The key findings are:
1. During the development of MEMS-RGT arrays, the bridge gates have been designed to cover the audible frequency range signals of 20Hz – 20kHz. Aluminium and tantalum have been studied as the material for the bridge gate structure. The downstream etch release technique employing oxygen/nitrogen plasma has been developed to release the bridge gate structure from a sacrificial layer. In the first iteration, aluminium bridge gates have been fabricated. The presence of tensile stress within aluminium had caused the aluminium bridge gates of length >1mm to collapse. In order to address this issue, tantalum bridge gates have been fabricated in the second iteration. Straight tantalum bridge gates in tensile stress and buckled tantalum bridge gates in compressive stress have been characterised. The frequency range of 550Hz – 29.4kHz has been achieved from the fabricated tantalum bridge gates of length 0.57mm – 5.8mm.
2. The channel and source/drain regions have been fabricated and integrated with the aluminium or tantalum bridge gate structures to create the MEMS-RGTs. In this study, the n-channel and p-channel resonant gate transistor (n-RGT and p-RGT) have been considered. The p-RGTs have been found to possess considerably less substhreshold currents than n-RGTs. The threshold voltage, transconductance and substhreshold current for both n-channel and p-channel resonant gate transistor devices have been characterised, where the channel conductance of the n-RGT and p-RGT devices has been modulated successfully and the tuning capability within the audible frequency range has been achieved from the tantalum bridge gates of the p-RGT devices. The characterisation and optimisation of the resonant gate transistor provide the first step towards the development of the adaptive RGT cochlear biomodel for the neuromorphic auditory system application.
3. A spike event coded MEMS-RGT microphone model for neuromorphic auditory systems has been developed. Our microphone system directly converts acoustic signal into bandpassed filtered outputs and encode them as asynchronous spike time events. The microphone system alters its dynamic response by receiving inputs in the spike domain which are then decoded to vary the gate voltage of the MEMS-RGT. The MEMS-RGT sensor model has been simulated and the measurement results from the spike encoder chip for a simulated MEMS-RGT response have been achieved. A set of 10 MEMS-RGT sensors using an etch release process capable of releasing long resonant gate transistor bridges from the sacrificial layer have been fabricated (see point 2).
4. An analogue low-noise MEMS interface circuit which has very small parasitic capacitance at the input node has been designed and fabricated. The circuit is suitable for the MEMS cochlea-mimicking acoustic sensors which are highly parasitic-sensitive due to their low intrinsic sensing capacitance. In order to reduce the electronic noise of the interface circuit, chopper stabilization technique is implemented, and an effective method to optimize the critical transistor size for best noise performance is derived. Simulation results show that, for a MEMS sensing structure with 200 fF static capacitance, the interface circuit achieves a 0.72 aF equivalent capacitance noise floor over 100 Hz to 20 kHz audio bandwidth.

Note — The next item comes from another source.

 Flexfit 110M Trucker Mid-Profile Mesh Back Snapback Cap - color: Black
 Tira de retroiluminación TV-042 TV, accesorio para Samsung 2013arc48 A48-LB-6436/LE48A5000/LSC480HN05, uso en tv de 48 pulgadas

5. An analogue cochlea-mimicking filter has been modelled and is now in the process of being designed in analogue VLSI. The circuit design uses floating active inductors in high-Q and steep cut-off elliptic filters to achieve a response comparable with the biological exemplar. Our implementation offers the advantages of tuning with one variable parameter, high-Q and a steep cut-off response, providing an overall performance that closely matches the biological exemplar.
6. A simulated form of the output of the microphone (which codes the signals from multiple sensors) has been used in an experimnt to test the effectiveness of the data so coded in differentiating different types of musical instruments. This experiment was carried out to assess the effeciveness of the proposed coding technique when applied to real sounds.